Le déploiement d’antennes relais pour répondre à la demande de couverture du territoire national étant un enjeu crucial, ne serait-ce que pour faciliter l’accès aux secours aux personnes et le développement de la 5G, le rapport préconise la création d'un comité de dialogue « radiofréquences » et santé piloté par l’ANSES, pour tenter de répondre aux nombreuses questions.
"Chercher à caractériser l’impact sur les activités d’élevages des antennes téléphoniques, installations électriques et éoliennes apparait donc tout à la fois important et ambitieux, tant en raison des multiples causes potentielles de perturbations que par les enjeux économiques qui pourraient en résulter, conclut le rapport. "Pour cela, entendre la parole des opérateurs et chercheurs est naturellement nécessaire, mais connaitre le plus largement possible le ressenti des éleveurs vivant au quotidien près de leurs animaux et dont l’exploitation se trouve à proximité des installations visées dans l’objet de la mission est indispensable".

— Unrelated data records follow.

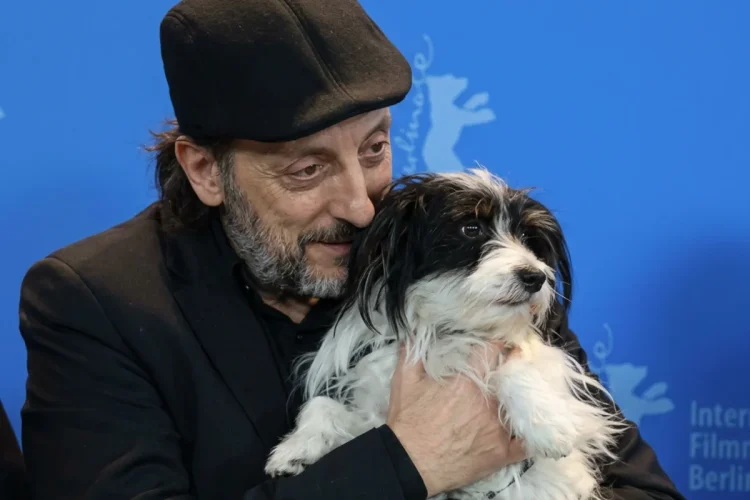 Massimo Ceccherini tiene in braccio un cane bianco e nero su sfondo blu.
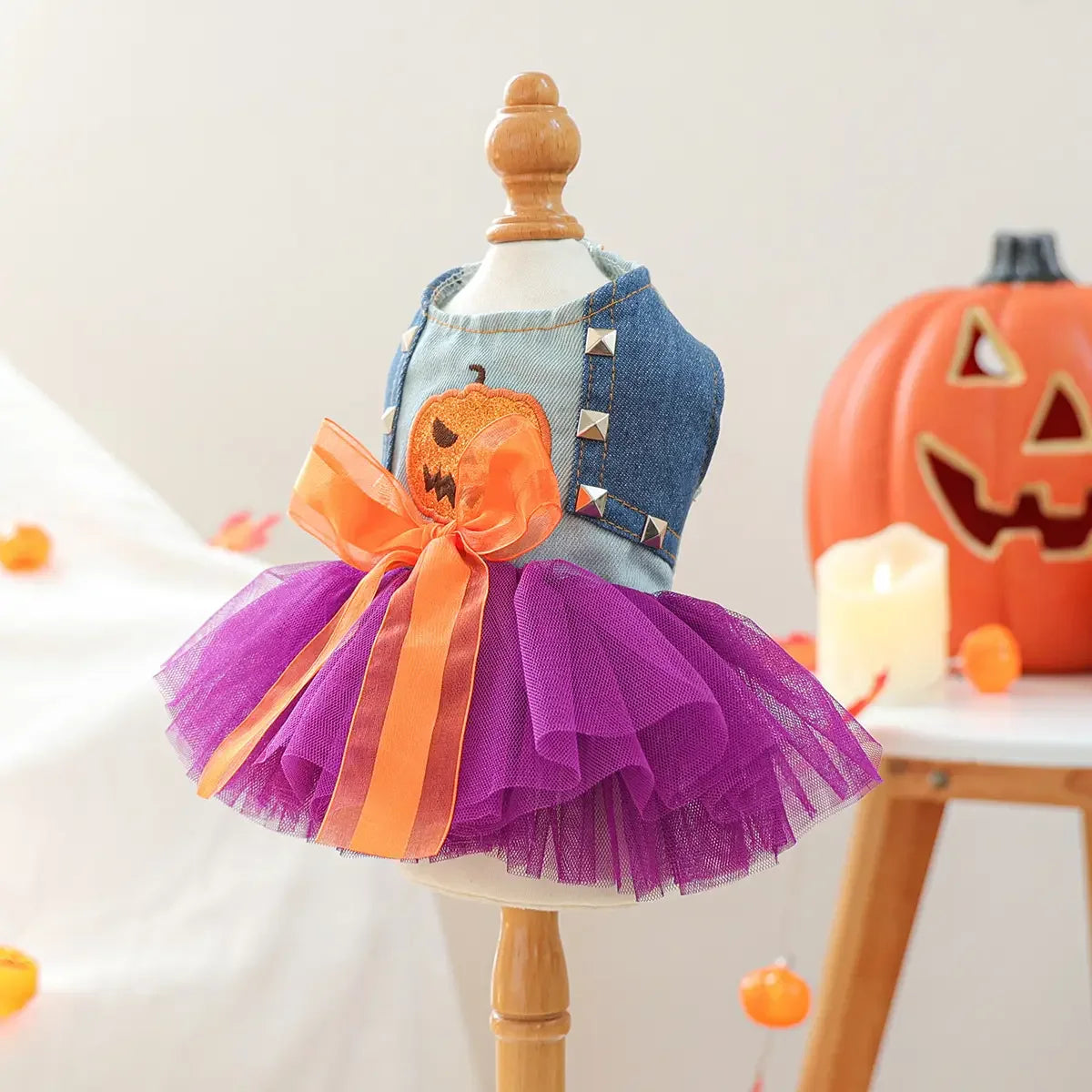 Adorable denim top with a purple tulle skirt and pumpkin detail, perfect for a cute Halloween pumpkin skirt for pets.
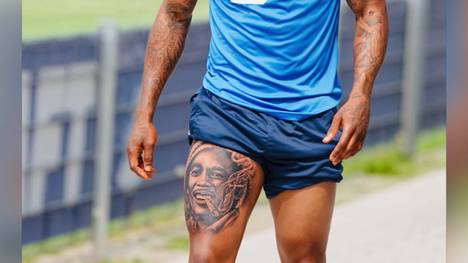 TSG Hoffenheim-Stürmer Gift Orban präsentiert sein neues Tattoo von Bob Marley, der einen Joint raucht.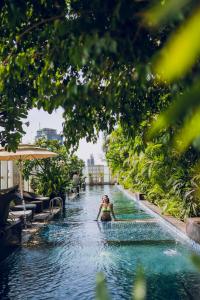 a woman in a swimming pool at a resort at The Ritz - Carlton, Bangalore in Bangalore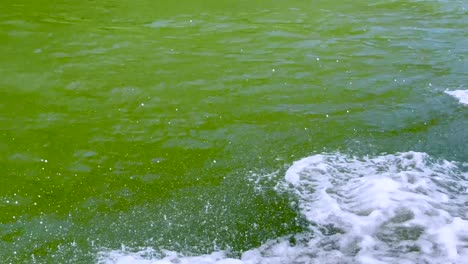 boat creates splashes and rainbow in canal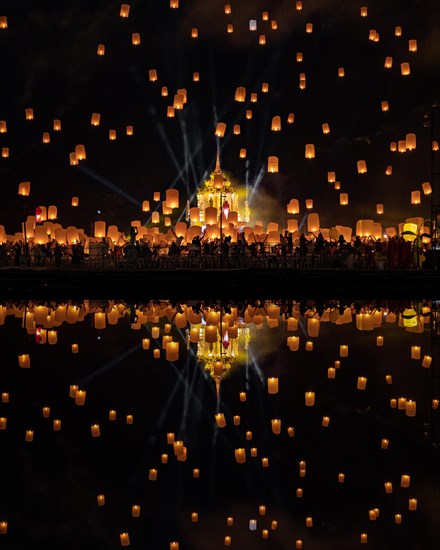 Yi Peng Festival with rising lanterns and a reflection in the lake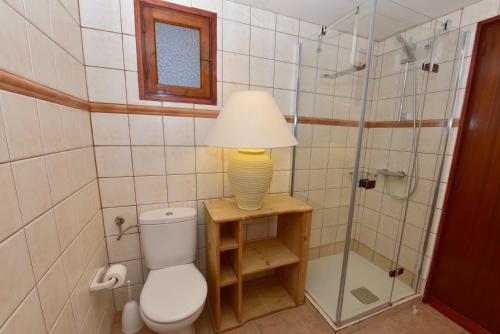 uma casa de banho com um WC e um candeeiro sobre uma mesa em Costamar 13 em Es Pujols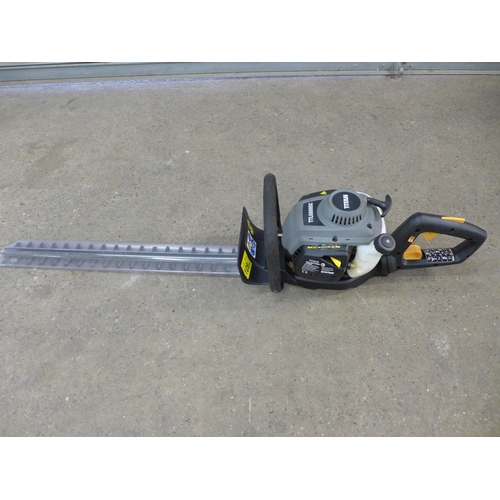 2173A - A Titan TTL688HDC petrol driven hedge trimmer and one other Titan petrol driven trimmer  * Police re... 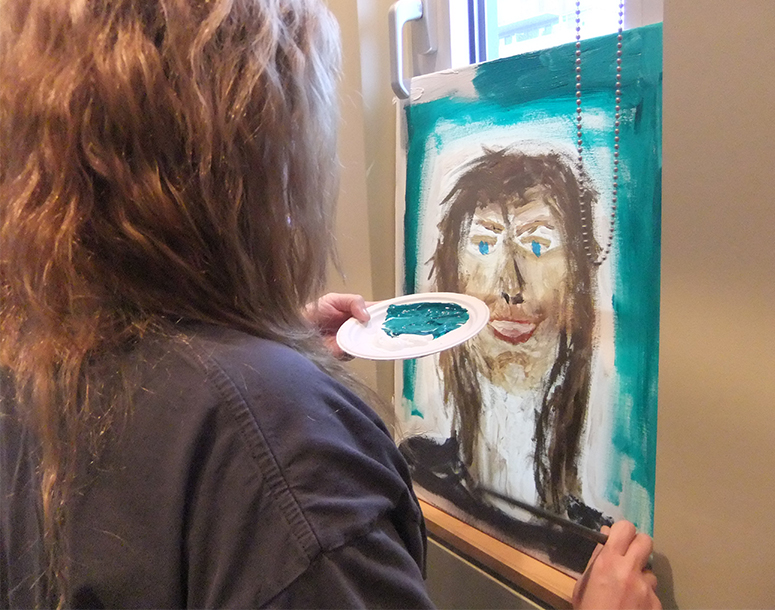 Person painting a self-portrait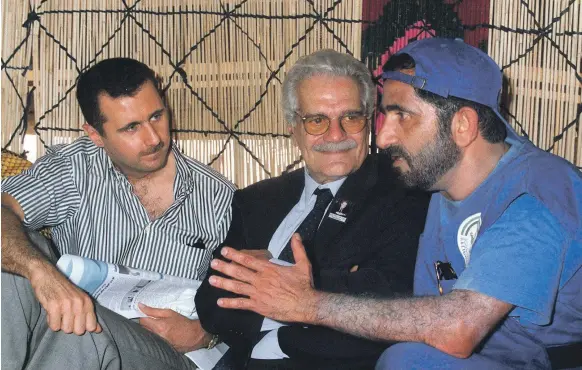  ?? AFP ?? Above, Sheikh Mohammed bin Rashid with Egyptian film star Omar Sharif, centre, and Bashar Al Assad in Palmyra, Syria, in 1999; Saddam Hussein at the headquarte­rs of the Republican Guards in Baghdad in 2003. He was captured by US forces in December the same year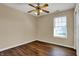 Bedroom featuring hardwood floors, ceiling fan, and a window at 7637 Sand Run Ct, Indianapolis, IN 46259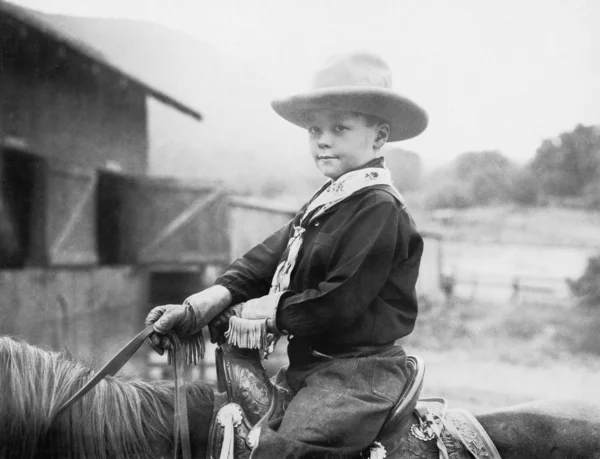 Niño en un sombrero de vaquero en un caballo —  Fotos de Stock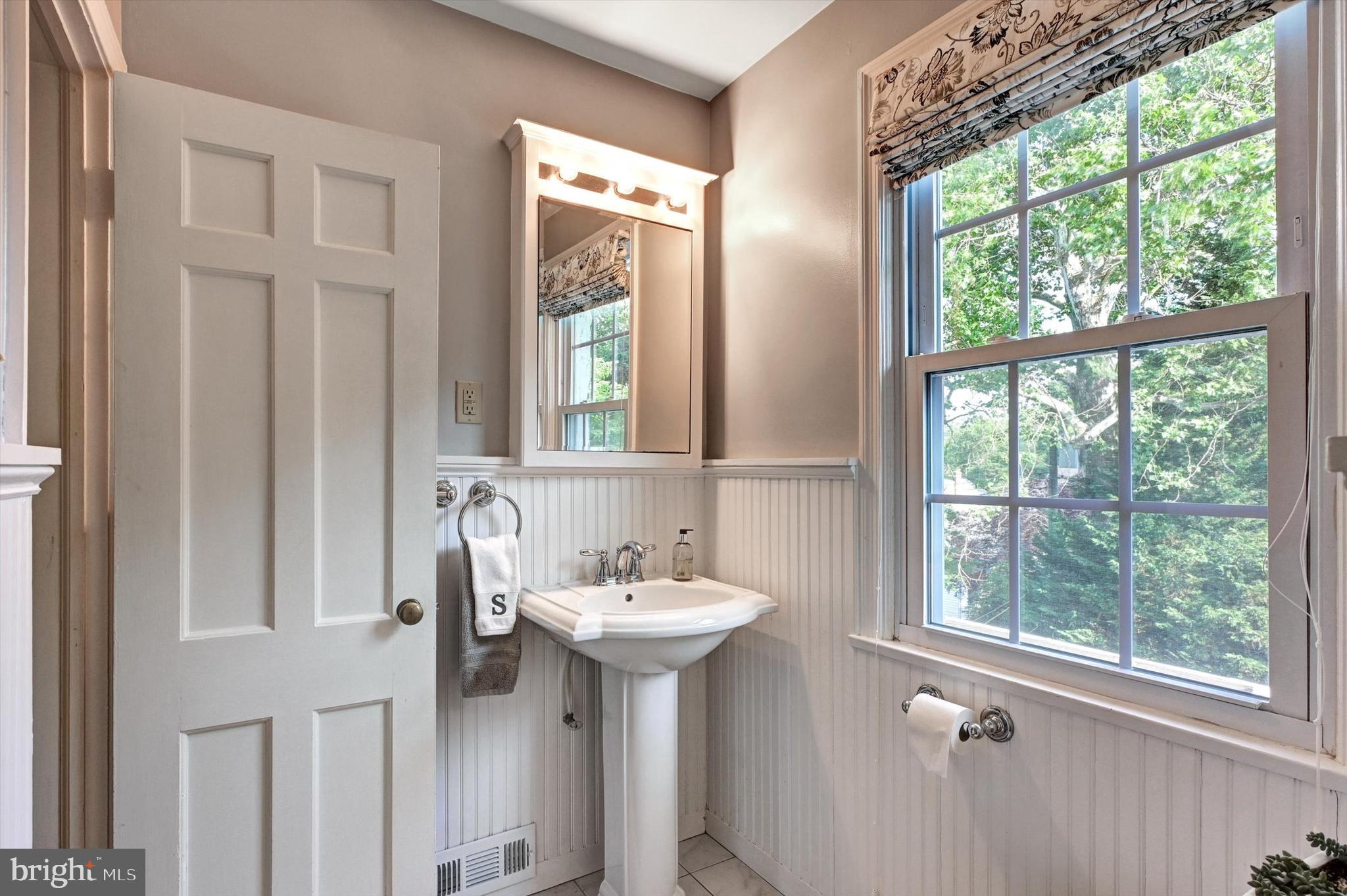 605 Worcester Road Towson, MD 21286 - Photo 25 of 39 a bathroom with a sink a mirror and a window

Ce rapport, s'il a le mérite de poser le problème, ouvre aussi le débat et invite à pousser plus en avant les investigations pour identifier clairement les problèmes, ses causes, les responsabilités et les réponses à apporter pour satisfaire toutes les parties.
Zoom sur…
Mieux connaître, prévenir et gérer
L'Office parlementaire d'évaluation des choix scientifiques et technologiques a organisé en février une audition publique pour dresser un bilan des connaissances scientifiques concernant l'impact des champs électromagnétiques sur la santé des animaux d'élevage.
Cette audition a permis de reconnaître les difficultés rencontrées par certains agriculteurs, les limites actuelles de la science pour expliquer les phénomènes observés mais également les insuffisances dans le traitement des situations les plus dramatiques.
À l'issue de cette audition, l'Office avance des propositions qui poursuivent 3 objectifs :
Pour une meilleure connaissance des phénomènes et leurs origines, il faudrait :
. définir un cadre de recherche dans les secteurs où les manques de connaissances ont été identifiés,
. réaliser en coopération avec les éleveurs concernés, des expérimentations dans les exploitations, en suivant le protocole mis en place pour effectuer les mesures,
. développer un observatoire national pour inventorier, caractériser et documenter les exploitations concernées.
Pour une prévention systématique des difficultés, l'Office propose de :
. généraliser la réalisation de diagnostics géologique et électrique avant la construction de bâtiments d'élevage, mais aussi avant l'installation d'infrastructures électriques ou de télécommunication,
. sensibiliser les chambres d'agricultures et renforcer leurs compétences pour informer et conseiller les agriculteurs.
Et pour une gestion plus efficace des problèmes rencontrés par les agriculteurs, l'Office préconise de :
. accélérer la prise en compte des problèmes exprimés par les éleveurs, et dans les cas les plus critiques, leur apporter une solution de sortie de crise,
. faire évoluer le statut de GPSE afin de garantir son indépendance et augmenter son budget autonome d'intervention,
. accélérer la structuration du métier de géobiologue, avec obligation de formation,
. mettre en œuvre des recommandations formulées lors des différentes études déjà réalisées par l'Office, l'ANSES et le CGEDD/CGAAER.